Not me. Ania and her dad went off to do some search & rescue exercises and have left me all to myself for the day. 

I'm going to start my day by going back to bed just as soon as I finish typing this out. When I finally get around to waking up, I'll probably read from my smutty romance novel for a bit. Then I'll eat something. Likely popcorn. After that, I'll camp myself out on the hammock with my smutty romance novel and get my tan on (since the nice weather we will have today is an extreme rarity here in W.WA.) At some point, I'll have to get up and do something for dinner. BUt I'm not going to worry about that right now. Then, I'll have to water the garden and pick all the ripe veggies.
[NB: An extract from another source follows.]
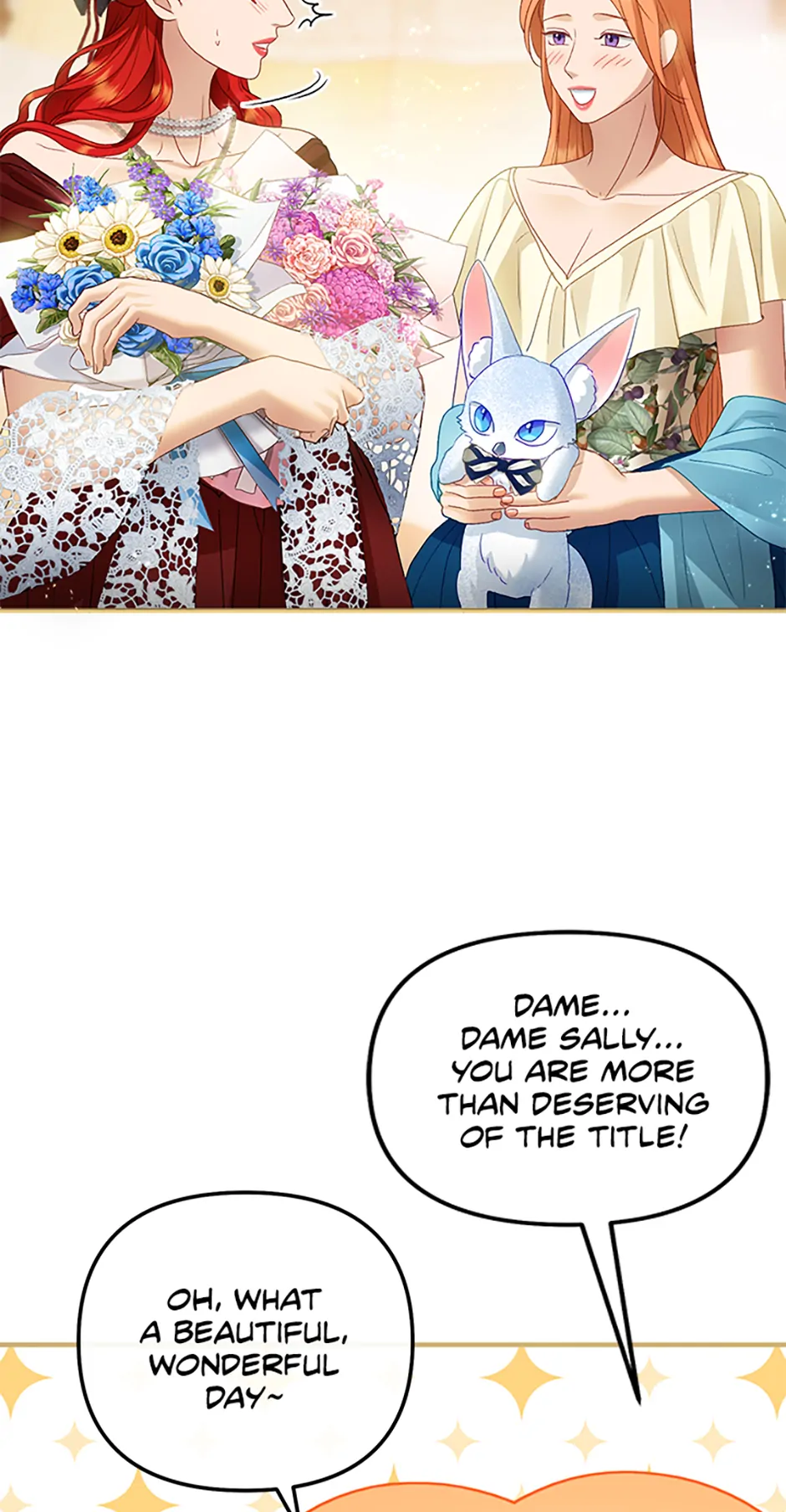 The Glamorous Life of the Fake Mistress Chapter 128 page 90 -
Andrew will come home and we'll probably watch the movie we picked up from the redbox last night but didn't get around to watching, then go to bed.

So you can see, Robin, I just have no room in my schedule to head to Redmond for a dog show today. :wink: But I hope you have a great time!


----------



## whiteleo (Sep 7, 2008)

That's too bad Richelle, I enjoy watching Debbie's husband Mike from our co-op run their dogs in agility and see what I can buy. But it is also our Specialty show for the B.T club and we have our annual silent auction and BBQ which is the real reason I"m going.... Enjoy the smut Lol


----------



## Scarlett_O' (May 19, 2011)

I was thinking about bring the Collies.....NOT Brody though...but then we just woke up a hour ago....and I dont feel like going anywhere!LOL

Hmmmm...maybe we shall still come out.....hmmmm....
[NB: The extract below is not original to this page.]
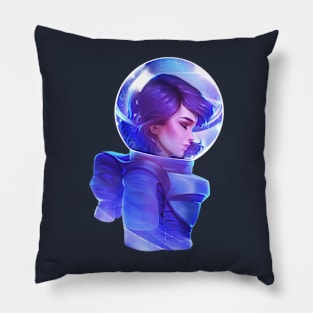 Astronaut Pillow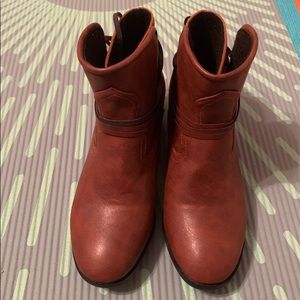 Brown Women’s Ankle Boots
(Ohhh...I suppose I SHOULD look and see if outside dogs ARE allowed!LOL)


----------



## magicre (Apr 7, 2010)

which smutty novel are you reading, richelle....and, of course that takes precedence over an art show LOL

i have to watch the last disc of madmen season one, robin and the first disc of dexter season five....

we just got back from food shopping and i'm making tuna fish salad with fresh tuna.....for da man....

and then i'm going to collapse....

i hope you have a good time....


----------



## Ania's Mommy (Feb 8, 2009)

magicre said:


> which smutty novel are you reading, richelle....and, of course that takes precedence over an art show LOL


I'm reading Johanna Lindsey's latest paperback (I haaate reading hard covered books. They're too hard for me to hold one-handed. Even with MY giant mitts :wink called "That Perfect Someone". It's the latest offering in my favorite series featuring the Mallory family. They're a charming bunch of rogues, rakehells, and gentleman of the Realm with startling good looks and seductive personalities. Confirmed bachelors, all. Until, that is, Johanna Lindsey creates "That Perfect Someone". Ahahaha! I kill me!! 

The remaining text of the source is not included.